I bought my digital camera in 2001. One of its features was its massive storage capacity: a 340 MB hard-disk, in CF form-factor. (Man, that was a lot of storage then. And so tiny!) But progress marches on. Now my camera is old, slow, and I was wondering when I could afford to replace it.

Yesterday, I tried a regular CF card in it. Weow, it's like a whole new camera, so much faster.

Staples has a sale on CF cards. $30 gets you 1GB. That seems like progress to me.

--

[livejournal.com profile] emaki and I are in a hotel just next to McCormick Place. It's overlooking some odd looking statuary.

Blade Runner? )

Also, the
bedside table )
has both a Gideon Bible and The Teaching of Buddha. [ed: fixed titles]

Tomorrow: architecture tours.

Web 2.0

Tuesday, 20 June 2006 03:10 pm
da: (bit)
I'm going to Chicago for a perl conference that starts Monday. This is the most geekish group I am involved with. In addition to many other things about YAPC that I enjoy, I like the opportunity to learn what all the alpha-geeks are up to these days. The conference flavour is not particuarly higher-ed, corporate, or trade-show. It's more like a smallish con, or a swap-meet trading in programming ideas. I always learn something interesting, and often something I can take and use at work immediately. But a lot of it is just plain fun. (For example YAPC was my first exposure to massive numbers of laptops with wifi, in '01 or so.)

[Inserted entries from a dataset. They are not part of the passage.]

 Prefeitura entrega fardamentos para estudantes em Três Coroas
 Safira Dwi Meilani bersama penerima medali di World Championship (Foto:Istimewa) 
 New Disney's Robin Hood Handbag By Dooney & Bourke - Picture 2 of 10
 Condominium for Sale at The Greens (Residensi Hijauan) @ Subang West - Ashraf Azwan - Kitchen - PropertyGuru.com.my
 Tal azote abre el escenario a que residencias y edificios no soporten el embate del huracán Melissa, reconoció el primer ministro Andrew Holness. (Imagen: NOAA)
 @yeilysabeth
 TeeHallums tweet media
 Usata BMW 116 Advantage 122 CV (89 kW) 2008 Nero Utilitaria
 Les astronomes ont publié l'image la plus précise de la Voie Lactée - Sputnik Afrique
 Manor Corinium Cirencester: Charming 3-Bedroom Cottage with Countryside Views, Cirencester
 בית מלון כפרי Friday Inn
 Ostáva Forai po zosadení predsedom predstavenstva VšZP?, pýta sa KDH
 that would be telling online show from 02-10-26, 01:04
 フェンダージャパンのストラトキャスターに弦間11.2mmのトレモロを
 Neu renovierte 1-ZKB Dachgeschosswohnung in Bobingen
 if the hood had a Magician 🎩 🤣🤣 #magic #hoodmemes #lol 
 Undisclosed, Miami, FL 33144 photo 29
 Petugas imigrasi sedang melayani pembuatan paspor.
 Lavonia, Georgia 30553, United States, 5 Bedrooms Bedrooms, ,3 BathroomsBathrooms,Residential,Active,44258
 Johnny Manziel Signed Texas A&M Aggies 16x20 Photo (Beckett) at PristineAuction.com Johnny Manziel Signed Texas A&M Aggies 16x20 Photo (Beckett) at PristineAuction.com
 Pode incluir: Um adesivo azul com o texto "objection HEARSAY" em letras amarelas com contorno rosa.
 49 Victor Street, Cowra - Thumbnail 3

This year's mailing-list and wiki have been gearing up for a few weeks, and people are starting to make their plans for hacking sessions, being tourists in Chicago and so on. (I've made plans for a less herd-oriented tourist experience; [livejournal.com profile] emaki , another friend Arguile, and I will be touring in a small group on Saturday and Sunday).

The conference planners are taking advantage of the stuff that seems to be called "Web 2.0" these days, including social-networking services, AJAX (which is less server-intensive web tools built with javascript and xml), and "mashups" between web tools. This makes sense; the organizers this year include a number of bloggers, a podcaster, and a part-time magazine-publisher.

Yesterday, they announced the "official tag of YAPC". I initially scoffed, thinking it overkill. Then I thought about what it would be used for; del.icio.us bookmarks, flickr photos, perhaps technorati blog-searches, and google searches. So yes, it makes sense to standardize on a tag, and since most people will be bringing laptops, cameras, blogging, and maybe bookmarking whatever they discover at YAPC, it makes finding stuff in these web services much easier for those of us who come along a bit later.

This morning someone converted the official schedule to ical format, including abstracts. Someone else posted it to Google Calendar, which is pretty handy for me, though I'll probably use ical for the duration of the conference since there isn't a guarantee of network quality.

So what's the point? I suppose it all comes down to laziness. ;) And, hopefully, building on the work of others (and giving it out for others to do the same in an open-sourcy way).